Last Updated : 27/01/07

 

 

knew Swansea of old; in the late 1980’s I had reason to visit the city numerous times when my scooping tally was in the hundreds rather than thousands… and still found almost nothing for my book despite some fairly extensive efforts to do so and usually ending up supping pints of Brains’ dark in the Adam and Eve on High Street, so you can understand my interest in seeing whether the city had, like most others I’ve been to recently, gained a few decent beer pubs where good local beers could be sampled.

After a check with Brian Francis I was left in no doubt that, as far as he was concerned, there was no decent beer in the centre of Swansea; yes, there’s the Swansea brewing company out at Bishopston, but as for good beer in the centre (just good beer, not even scoops!) he couldn’t recommend anywhere except, as an off-chance, one of the McSpoons pubs.  A search on the internet also turned up nothing of interest and so, armed with precisely bugger-all in the way of beer gen, I was waiting for the bus from my hotel on a business park north of the city into the centre on a very cold Monday afternoon in January.

  

Into the known.

The bus service was sparse, to say the least, but at last I was away into town past the enormous and very plastic-looking footy ground stranded in the middle of an extremely tat retail park.  After a quick detour to the travel centre to work out if I could actually get a bus back to anywhere remotely close to the hotel (I could, surprisingly, to Tatsco or Asda, a ten-minute walk away) I wandered off into the biting wind to see what Swansea could surprise me with.

I passed what either still is or, more likely, once was a McSpoons on the corner of Plymouth Street but all it could offer me was Brains SA Gold, Caley Great Scot or Robinson’s Unicorn, none of which particularly appealed to me, so it was back out into the howling arctic gale outside, deftly weaving through the intoxicated chavs on the doorstep, and onto Oxford Street which looks nothing like it’s London namesake being filled with cheap tat shops as opposed to the expensive tat versions in Laaarndan taaahn.  A main shopping street isn’t the place to find pubs – shite or otherwise – so after having a quick peek at the castle I braced myself for a cruise down Wind Street, the city’s “yoof” circuit area, with absolutely zero expectations of finding anything worth drinking but in my defence let me say that I was following a young lady whose skirt was continuously being lifted by the blustery conditions… 
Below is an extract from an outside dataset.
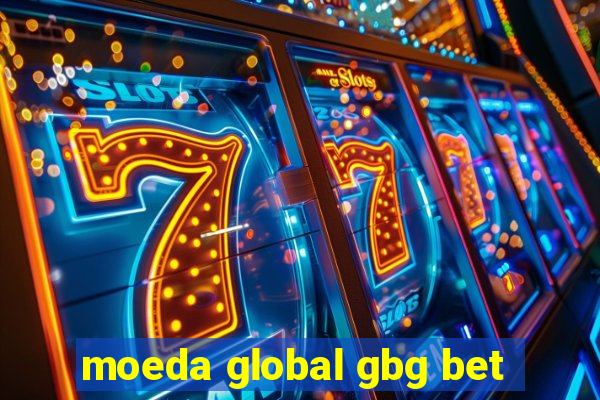 moeda global gbg bet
As expected, rows of tat circuit venues greeted me, and you’ll have to excuse me if I can’t remember any of them; Yates was definitely there, maybe a All Bar One, but after that we’re into the realms of “platypus and trombone” and their ilk and, let’s suffice it to say, I didn’t even bother darkening their doorsteps with my presence as if there was anything worth drinking in any of them I’d show my arse in Burton’s window.  The one slim chance of a scoop was the Lloyd’s No.1 McSpoons, the Bank Statement, but SA Gold, Rev James and Evan Evans Cwrw wasn’t exactly what I was after and the huge cavernous space was totally devoid of people, giving it all the ambience of a bus garage, and so I retreated back along Wind Street in search of something more exciting, thinking that I could always have the Evan Evans later as a fallback.
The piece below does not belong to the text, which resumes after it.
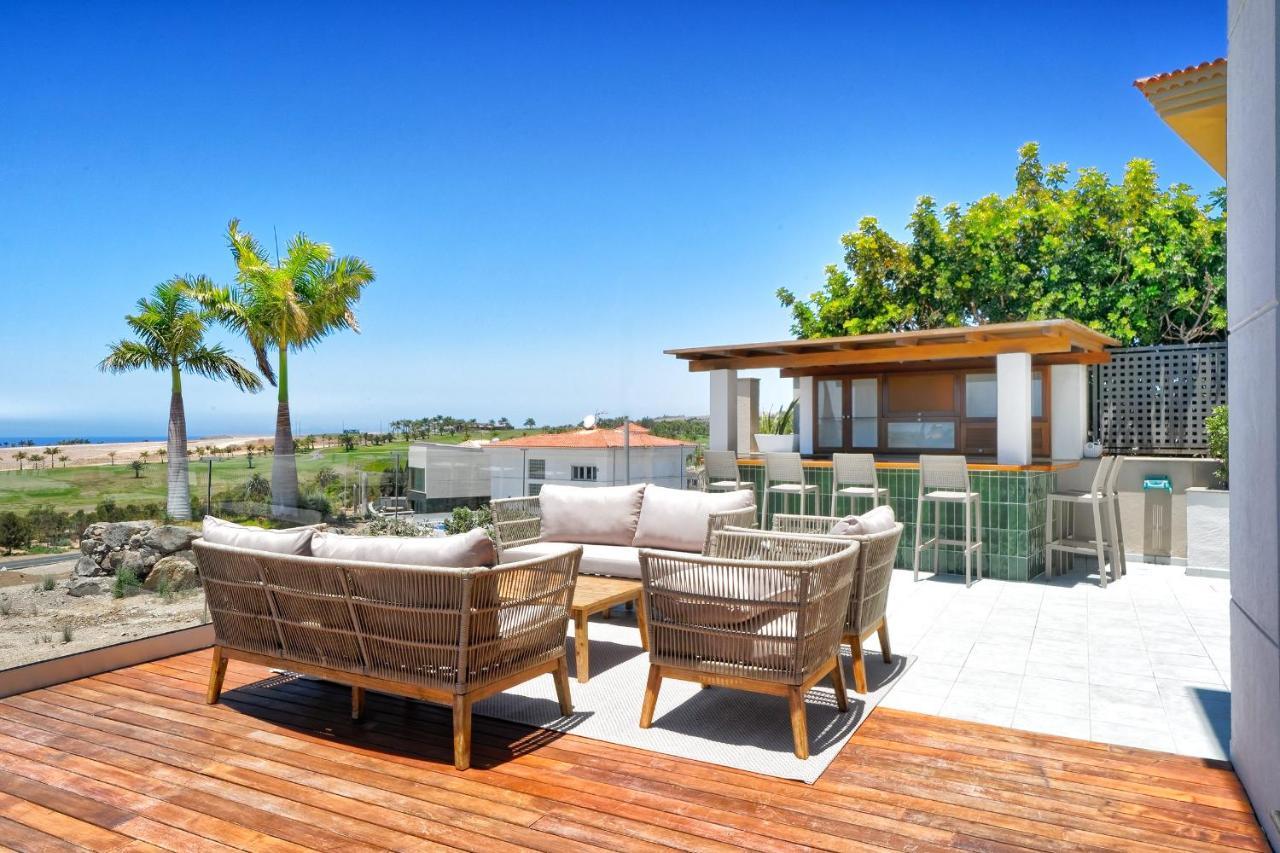 Ananda Vistas Meloneras By Maspalomas Holiday Villas Экстерьер фото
Just off Wind Street was the much better looking Cross Keys which had the advantage of actually looking like a pub and not some converted Airbus A380 hangar.  Sadly the inside was identical to any of the other identikit fizz palaces along Wind Street and, predictably, real beer-less so off I went along the Kingsway towards the other McSpoons with the vague hope of finding some other pubs which might, against all the odds, serve micro-brewed beers.  Ha, the naivety of him!
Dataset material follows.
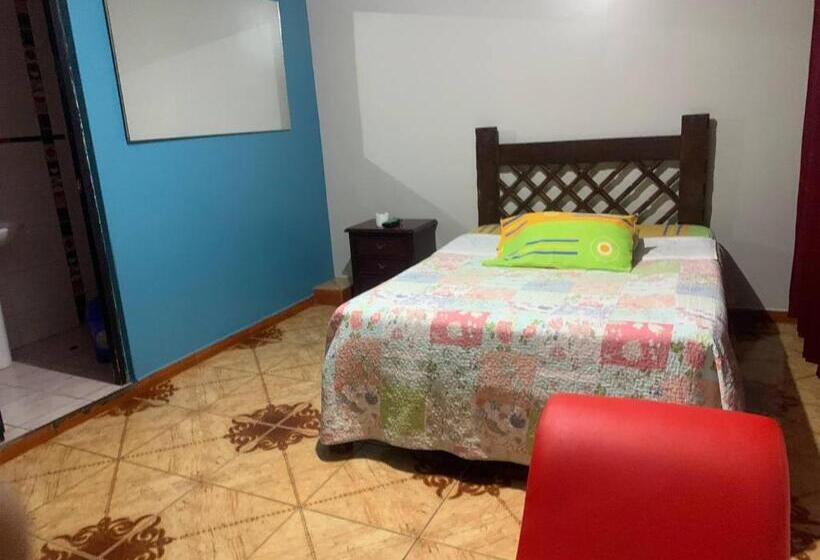 스탠다드 룸, Hospedaje Toscano Suites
No pubs manifested themselves until I reached the Potter’s Wheel McSpoons so in I went to seek shelter from the whipping gale outside, and to be honest this was the best range I’d see all evening; SA Gold (again!), Evan Evans Cwrw (again!), O’Hanlon Port Stout and Elgoods Thin Ice.  As tempting as it was to have a swift half of something – anything! – to avoid facing the icy wind again, none of the beers really appealed to me enough to make me want to drink them (I’m not a massive Elgoods fan, and the Port Stout is a bit sweet for me) so I reluctantly pressed on along St Helens Road hoping against all my better judgement that I’d find a proper pub, although by now I was realizing that I’d embarked on a futile quest and would have been better driving out to the Bryncelin brewpub at Ystalfera!

 

Find of the evening – but it’s not beer!

As I plodded along St Helens Road I came to the conclusion that I was wasting my time; many of the premises were Indian restaurants or associated shops and so, obviously, there would be little call for a pub in such an area.  What I did find was a superb Indian Sweet shop which furnished me with a box of assorted barfi for a very reasonable £4, and very nice they were too!  Munching a particularly luscious lump of pistachio barfi, I had a quick peek into the Pantygwydr hotel on Richardson Street but found it to have no real ale on the t-bar infested bartop and so, cutting up Russel Street, I headed for the more fertile hunting ground of Mansel Street and thus back to the centre.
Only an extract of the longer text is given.